This one's a old gag, but this time told from a womans point of view...Bah!


A woman rubbed a bottle and out popped a genie.

The amazed woman asked if she got three wishes.

The genie said, "Nope,sorry, three-wish genies are a storybook myth. I'm
a one-wish genie.

So... what'll it be?"

The woman did not hesitate. She said, "I want peace in the Middle East. See this map? I want these countries to stop fighting with each other and I want all the Arabs to love the Jews and Americans and vice-versa. It will bring about world peace and harmony."

The genie looked at the map and exclaimed, "Lady, be reasonable. These countries have been at war for thousands of years. I'm out of shapeafter being in a bottle for five hundred years. I'm good but not THAT good! I don't think it can be done. Make another wish and please be reasonable."

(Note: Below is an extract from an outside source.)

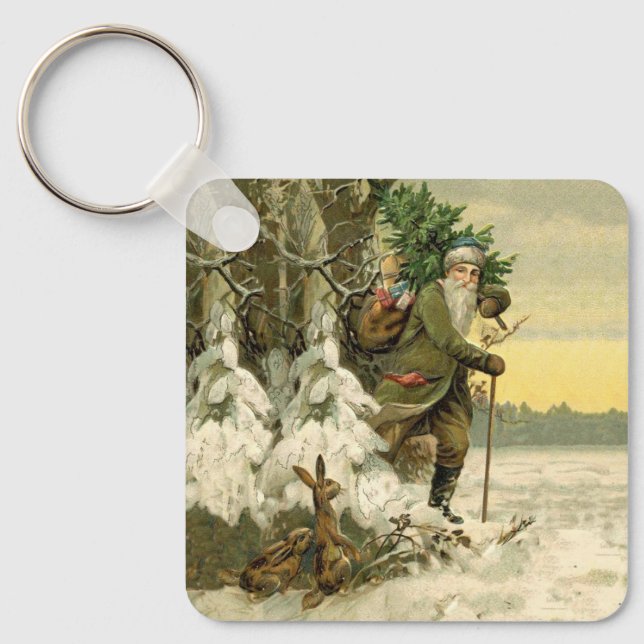 Porte-clés Vintage Père Noël Noël Victorien (Recto)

The woman thought for a minute and said, "Well, I've never been able to find the right man. You know - one that's considerate and fun, romantic, likes to cook and help with the house cleaning, is good in bed, and gets along with my family, doesn't watch sports all the time, and is faithful. That is what I wish for...a good man."

The genie let out a SIGH and said, "Let me see the f**king map again."

HushTheVoices
30-08-2006, 10:08 PM
So, so true...

http://www.callcentermovie.com/movie/movie2.html

Andrea
30-08-2006, 10:30 PM
So, so true...

http://www.callcentermovie.com/movie/movie2.html

hehe, that's great!

Bella
31-08-2006, 08:47 AM
Excellent!!:applause: :applause:

bridge
02-09-2006, 01:14 PM
love it :laugh:

HushTheVoices
02-09-2006, 11:11 PM
In honour of my long rant about gaming and the musical I saw this evening...

Machinima (http://video.google.co.uk/videoplay?docid=7997646050642417046&q=internet+is+for+porn)*

*Not for young'uns within earshot

HushTheVoices
03-09-2006, 11:18 AM
Four surgeons are discussing who has the best patients to operate on.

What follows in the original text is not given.